Primeiro, é bom que se diga que as políticas de segurança, sobretudo aquelas que se materializam através das UPPs no Rio de Janeiro, formam um cinturão de proteção em torno das regiões onde ocorre-ram a Copa e os Jogos. Ou seja, a prioridade é a segurança dos eventos.
As políticas de segurança, além do aparato policial, envolvem ainda programas sociais visando a mitigação da exclusão e a superação de eventos negativos que possam macular a imagem do país e da cidade como um lugar favorável e amigável aos negócios.
Já nas favelas, o que se verifica é que a suposta pacificação tem produzido alterações nas dinâmicas das comunidades, com transformações no comércio e estética local, valorizando a região - em termos especulativos - e afetando a população de baixa renda.
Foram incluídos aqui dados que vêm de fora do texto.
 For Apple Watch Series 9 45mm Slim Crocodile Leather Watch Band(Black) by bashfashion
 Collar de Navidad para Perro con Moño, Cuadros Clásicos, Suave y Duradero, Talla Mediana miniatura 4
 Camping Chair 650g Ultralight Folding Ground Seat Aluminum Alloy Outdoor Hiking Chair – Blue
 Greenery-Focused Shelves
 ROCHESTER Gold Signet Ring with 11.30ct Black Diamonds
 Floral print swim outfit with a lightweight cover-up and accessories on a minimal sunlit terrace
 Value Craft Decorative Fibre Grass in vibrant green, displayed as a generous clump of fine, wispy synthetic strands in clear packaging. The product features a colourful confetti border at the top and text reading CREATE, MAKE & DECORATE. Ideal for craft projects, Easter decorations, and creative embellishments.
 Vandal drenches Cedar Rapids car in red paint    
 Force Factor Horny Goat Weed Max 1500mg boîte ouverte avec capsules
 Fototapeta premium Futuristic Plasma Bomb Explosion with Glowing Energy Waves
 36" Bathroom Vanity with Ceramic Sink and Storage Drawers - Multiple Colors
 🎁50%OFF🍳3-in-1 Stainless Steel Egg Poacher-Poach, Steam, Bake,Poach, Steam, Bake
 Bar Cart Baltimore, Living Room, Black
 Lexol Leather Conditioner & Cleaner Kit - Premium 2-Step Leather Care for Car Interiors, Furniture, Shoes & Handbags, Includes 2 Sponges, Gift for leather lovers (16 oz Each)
Este processo é seguido de um aumento de custos de bens e serviços, dificultando a permanência de antigos moradores. São as forças sutis da gentrificação, que obrigam os moradores que não podem mais se dar ao luxo de viver em suas próprias comunidades, a se mudarem para áreas mais carentes e periféricas da cidade, nutrindo a especulação imobiliária.
Politizando - Na sua opinião, caso exista, qual será o principal legado deixado pelos megaeventos esportivos no Brasil?
Para ser direto, diante dos grandes contratos e empresas beneficiadas, das obras superfaturadas e desperdício de recursos públicos, da especulação imobiliária e do aprofundamento das desigualdades, do desrespeito e ataque aos direitos sociais, poderia dizer que o que vamos ver pósmegaeventos são inúmeros legados às avessas.
Mas encerro com uma mensagem de otimismo e esperança. E me nutro, para isto, nas inúmeras mobilizações que, desde as jornadas de junho, vêm contestando e politizando este tema.
Refiro-me aos movimentos sociais reunidos em torno de bandeiras que, de diferentes maneiras, questionam a Copa. Sim, os megaeventos podem deixar um importante legado; um legado que desnuda os processos de privatização do fundo público e que, ao mesmo tempo, afirmam o caráter público que devem ter nossas políticas.